The team also used mathematical modeling to test the properties of a feedback loop that relies on the length of the cell cycle. They were able to show that a system that incorporated both the new loop and the PU.1-production feedback loop was able to account for three distinct levels of PU.1--one corresponding to B cells, one to progenitor cells, and one to macrophages.

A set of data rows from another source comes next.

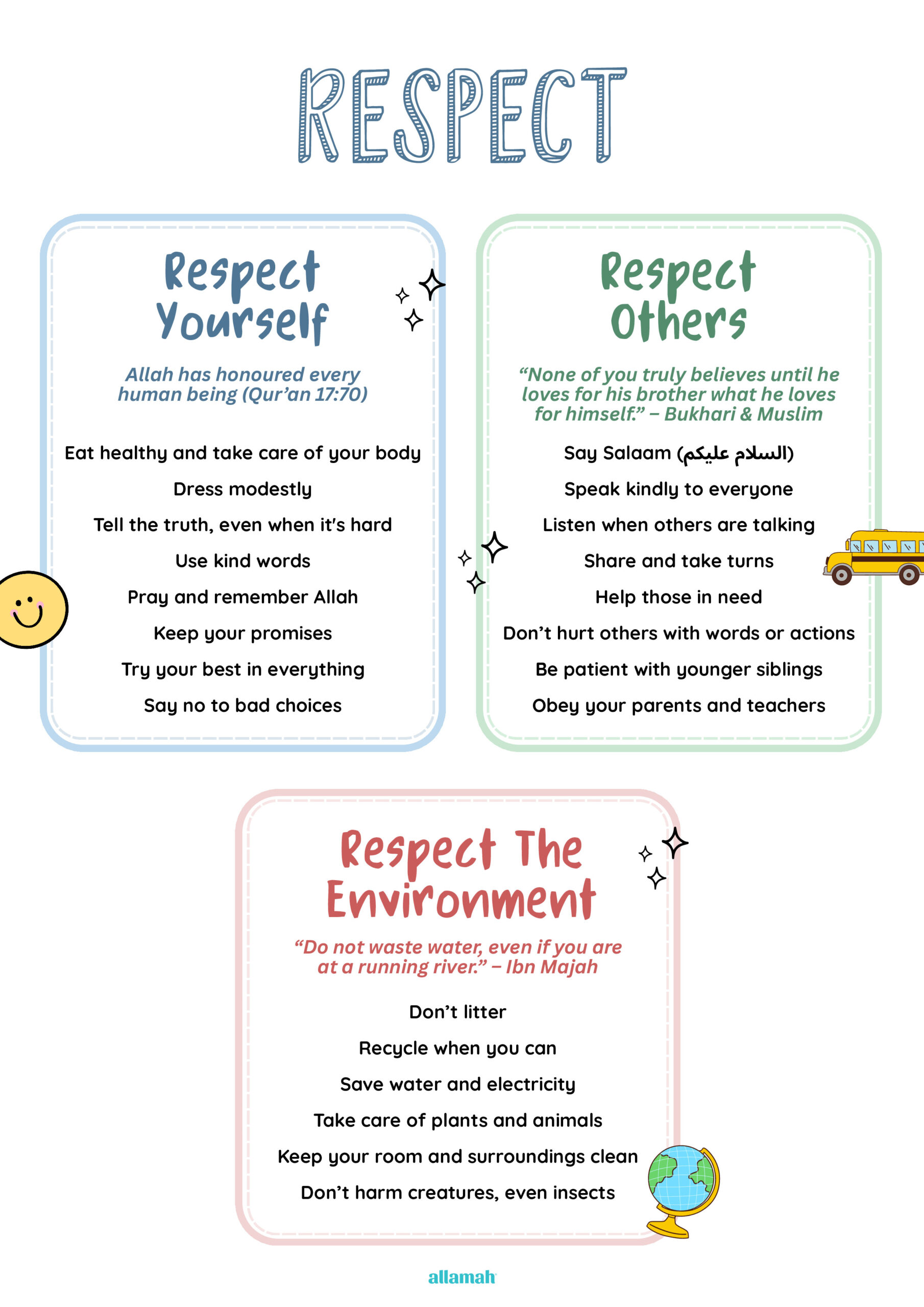 Respect Poster – Welcome to Allamah
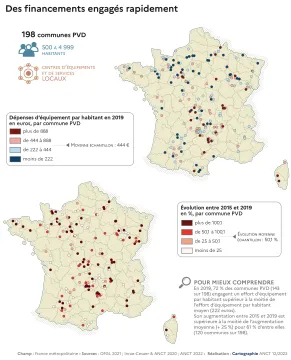 Des financements engag&eacute;s rapidement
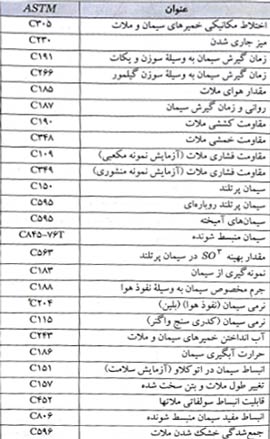 مصالح مصرفی بتن - سیمان 6 ASTM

"That was a proof-of-principle that this type of architecture can work," Kueh says. "The modeling will also help us to generate predictions for future studies."
In addition to Kueh, Elowitz, and Rothenberg, the paper, titled "Positive feedback between PU.1 and the cell cycle controls myeloid differentiation," is also coauthored by Ameya Champhekar, a postdoctoral scholar at Caltech, and Stephen Nutt, head of the Division of Molecular Immunology at the Walter and Eliza Hall Institute of Medical Research in Parkville, Victoria, Australia. The work was supported by a CRI Irvington Postdoctoral Fellowship, an Australian Research Council Future Fellowship, the Victorian State Government Operational Infrastructure Support, the National Health and Medical Research Council of Australia, the National Institutes of Health, the Albert Billings Ruddock Professorship, the Al Sherman Foundation, and the Louis A. Garfinkle Memorial Laboratory Fund.